About

Tiago A. Almeida is an Associate Professor in the Department of Computer Science at the Federal University of São Carlos (UFSCar), Brazil, and a CNPq Research Productivity Fellow. A senior researcher in Computational Intelligence, he leads a broad research portfolio spanning Data Science, Machine Learning, and Natural Language Processing, with recent funded projects addressing critical challenges in areas such as autonomous driving, healthcare, agriculture, and Industry 4.0.
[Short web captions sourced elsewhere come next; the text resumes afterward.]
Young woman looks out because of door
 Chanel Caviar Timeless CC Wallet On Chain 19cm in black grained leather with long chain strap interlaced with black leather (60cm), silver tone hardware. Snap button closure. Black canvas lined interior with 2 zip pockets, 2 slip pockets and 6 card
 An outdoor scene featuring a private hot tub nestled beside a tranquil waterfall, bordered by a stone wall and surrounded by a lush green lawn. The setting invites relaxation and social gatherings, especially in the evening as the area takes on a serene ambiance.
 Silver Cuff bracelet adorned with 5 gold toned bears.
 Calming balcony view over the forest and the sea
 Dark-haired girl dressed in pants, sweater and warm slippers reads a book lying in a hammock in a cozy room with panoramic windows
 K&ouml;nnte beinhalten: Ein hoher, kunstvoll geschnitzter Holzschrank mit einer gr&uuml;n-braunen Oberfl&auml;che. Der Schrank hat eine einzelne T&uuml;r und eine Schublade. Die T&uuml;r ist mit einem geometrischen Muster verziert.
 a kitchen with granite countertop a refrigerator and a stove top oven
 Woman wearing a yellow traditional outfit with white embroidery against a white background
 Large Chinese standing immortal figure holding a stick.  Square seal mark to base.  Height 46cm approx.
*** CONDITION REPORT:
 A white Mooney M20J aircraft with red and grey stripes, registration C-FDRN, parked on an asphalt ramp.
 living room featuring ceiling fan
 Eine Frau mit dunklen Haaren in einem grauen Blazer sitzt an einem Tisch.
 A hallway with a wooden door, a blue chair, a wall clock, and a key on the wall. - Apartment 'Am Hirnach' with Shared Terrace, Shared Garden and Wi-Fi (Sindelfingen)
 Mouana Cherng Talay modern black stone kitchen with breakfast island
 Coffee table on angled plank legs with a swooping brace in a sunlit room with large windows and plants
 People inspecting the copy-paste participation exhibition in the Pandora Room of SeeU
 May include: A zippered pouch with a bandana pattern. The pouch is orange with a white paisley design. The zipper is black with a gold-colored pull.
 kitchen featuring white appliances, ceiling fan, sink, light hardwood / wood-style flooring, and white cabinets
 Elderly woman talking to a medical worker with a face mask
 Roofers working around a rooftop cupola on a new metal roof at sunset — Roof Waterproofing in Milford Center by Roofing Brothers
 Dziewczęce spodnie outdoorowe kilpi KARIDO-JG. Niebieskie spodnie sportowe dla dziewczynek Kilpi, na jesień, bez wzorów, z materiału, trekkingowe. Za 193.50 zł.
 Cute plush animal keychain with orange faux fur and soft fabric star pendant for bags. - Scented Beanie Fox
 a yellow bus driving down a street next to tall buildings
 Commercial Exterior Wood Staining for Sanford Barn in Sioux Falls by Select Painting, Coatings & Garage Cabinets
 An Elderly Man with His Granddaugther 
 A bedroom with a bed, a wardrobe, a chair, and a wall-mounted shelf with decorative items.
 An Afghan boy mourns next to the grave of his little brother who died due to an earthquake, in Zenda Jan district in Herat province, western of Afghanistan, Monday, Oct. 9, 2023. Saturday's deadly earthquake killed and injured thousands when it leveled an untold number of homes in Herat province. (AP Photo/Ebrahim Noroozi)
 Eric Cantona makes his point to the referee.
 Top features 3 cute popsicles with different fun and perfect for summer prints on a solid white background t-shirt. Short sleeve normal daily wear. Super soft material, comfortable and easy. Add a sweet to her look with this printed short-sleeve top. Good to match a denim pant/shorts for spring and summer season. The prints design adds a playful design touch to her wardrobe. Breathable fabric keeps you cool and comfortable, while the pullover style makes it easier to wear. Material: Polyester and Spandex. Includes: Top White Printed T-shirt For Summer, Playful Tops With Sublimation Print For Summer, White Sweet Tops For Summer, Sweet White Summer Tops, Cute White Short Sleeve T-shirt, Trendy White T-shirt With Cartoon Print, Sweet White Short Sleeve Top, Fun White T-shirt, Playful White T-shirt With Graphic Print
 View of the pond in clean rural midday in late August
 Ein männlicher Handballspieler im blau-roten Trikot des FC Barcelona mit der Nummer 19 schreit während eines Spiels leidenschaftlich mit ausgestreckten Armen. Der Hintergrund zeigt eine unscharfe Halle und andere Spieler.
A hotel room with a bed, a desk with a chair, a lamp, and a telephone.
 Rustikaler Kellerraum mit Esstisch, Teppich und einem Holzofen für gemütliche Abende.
His contributions extend beyond research to active leadership in the international AI community. He serves on the editorial boards of leading journals, including Machine Learning and Data Mining and Knowledge Discovery (Springer), and has held key organizational roles in major conferences, most recently at the ECML-PKDD, serving as Journal Track Chair (2025) and Area Chair (2026).

With over 100 peer-reviewed scientific publications in high-impact venues, Prof. Almeida combines research excellence with strong educational engagement. He is the author of an award-winning textbook on Machine Learning, widely adopted in Brazil and Portugal for its clear treatment of both the mathematical foundations and practical applications of Artificial Intelligence.

Experience

More than twenty years leading cutting-edge CS research in Computational Intelligence, Machine Learning, and Data Science. Author of an award-winning and best-seller machine learning book and +100 peer-reviewed international high-quality scientific papers. Reviewer of dozens of specialized journals and ad hoc advisor to development institutions. His main areas of expertise include artificial intelligence, machine learning, natural language processing, pattern recognition, recommender systems, big data, and deep learning.

Machine Learning

Large experience in all ML project steps, from data acquisition to in-production ML models.

Natural Language Processing

Deep knowledge in text processing, representation, learning, and model evaluation.

Data Science

Vast know-how in statistics, data mining, and data analysis.